If you’ve never tried wild garlic, you definitely should! It adds a delicious spice to dishes and can be used in many different recipes. Wild garlic pesto goes very well with pasta and gnocchi. A spoonful of wild garlic pesto also adds an aromatic flavour to a classic vinaigrette. It is a delicious spread for toasted white bread and harmonises with cheese. Mixed with yoghurt and sour cream, you get a strong, green barbecue sauce.

You can also preserve wild garlic for up to a year if you go out into the woods to look for it yourself.
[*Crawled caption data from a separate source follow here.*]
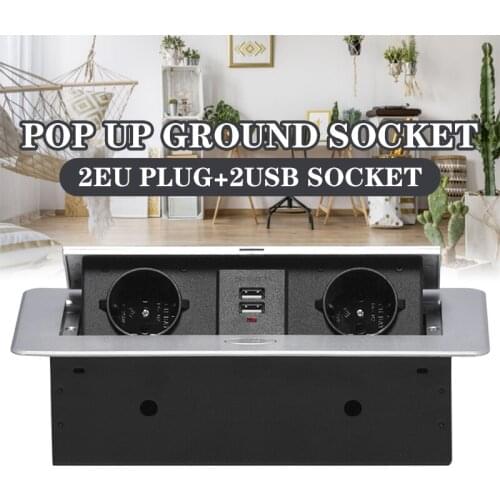 Zinc Alloy Plate 16A Slow Pop-up Ground Socket 2 Power EU Socket Dual USB Office Table Desktop Outlet Black Module Steel Box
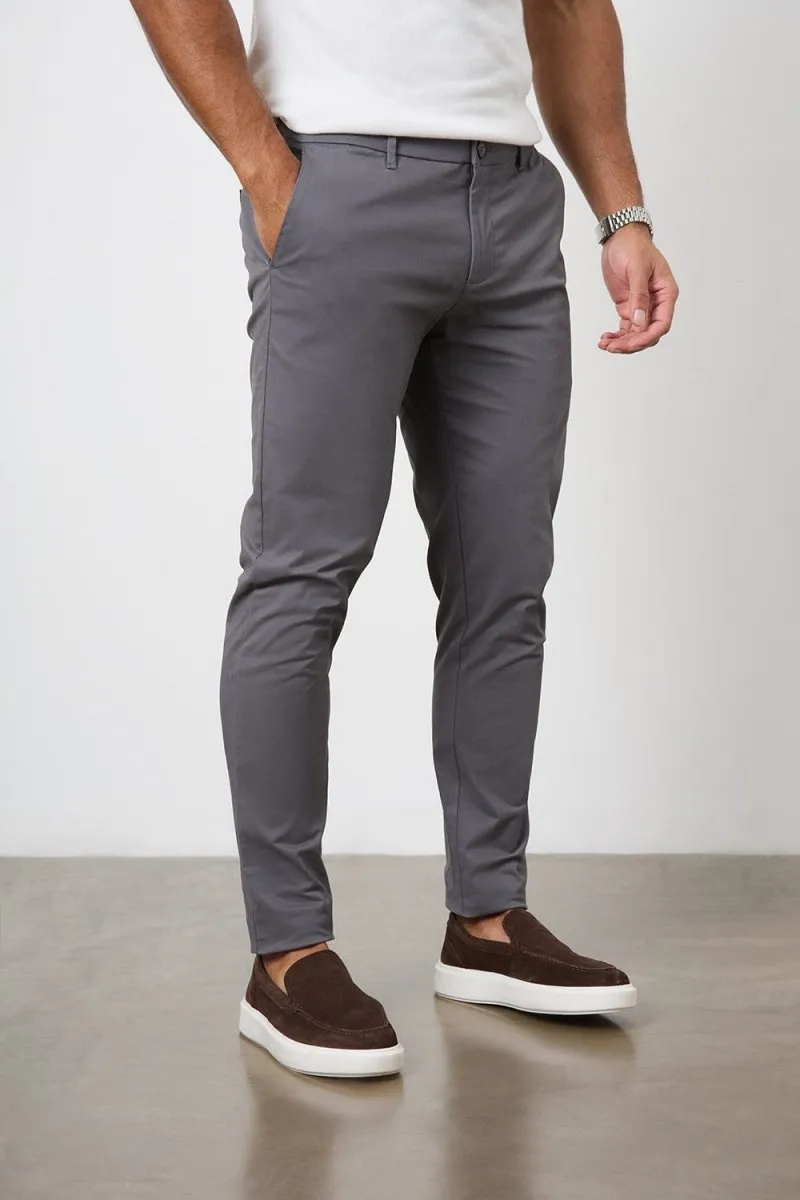 Athletic Fit Cotton Stretch Chino Pants in Dark Grey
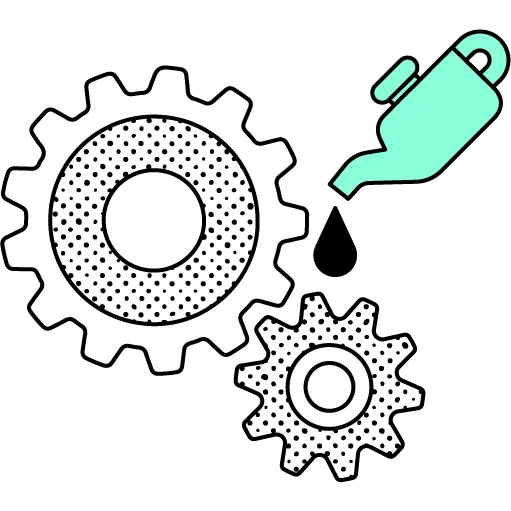 Abstract illustration of an green oilcan being used to oil two cogs.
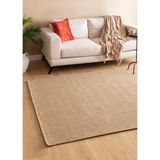 Saraz Halı Sisal Jut Hasır Model Tek Renk Dokuma Yıkanabilir Toz Vermez Halı Kahve - 200 x 300 cm - Kahverengi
But enough chatting – let’s start with the recipe!

Preparation time: 15 minutes



200 g wild garlic

25 g pine nuts

25 g parmesan

1 teaspoon salt


150-250 ml olive oil




  1. Wash the wild garlic. Spin dry in a salad spinner or pat dry.
  2. Then chop the wild garlic and salt in the Thermomix on speed 10 until you have a fine pulpy mixture. Keep pushing down with the scraper in between.
  3. Fry the pine nuts in a frying pan without oil until lightly brown.
  4. Add the pine nuts, oil, pepper and Parmesan to the wild garlic. Mix until you get a creamy consistency.
  5. If the pesto is too thick, add more oil.
  6. Season to taste and add more salt if necessary.
  7. Pour into prepared, boiled and sterilised jars with screw lids. Keep tapping on a folded tea towel to release the air.
  8. Leave an approx. 1.5 cm rim at the top. Wipe with a kitchen towel if necessary.
  9. Cover with the oil so that no more bear’s garlic peeks out.




You can also freeze the finished pesto in portions to preserve it. The pine nuts can be replaced by sunflower seeds or various types of nuts if necessary, and you can also experiment with other types of oil and cheese to achieve different flavours.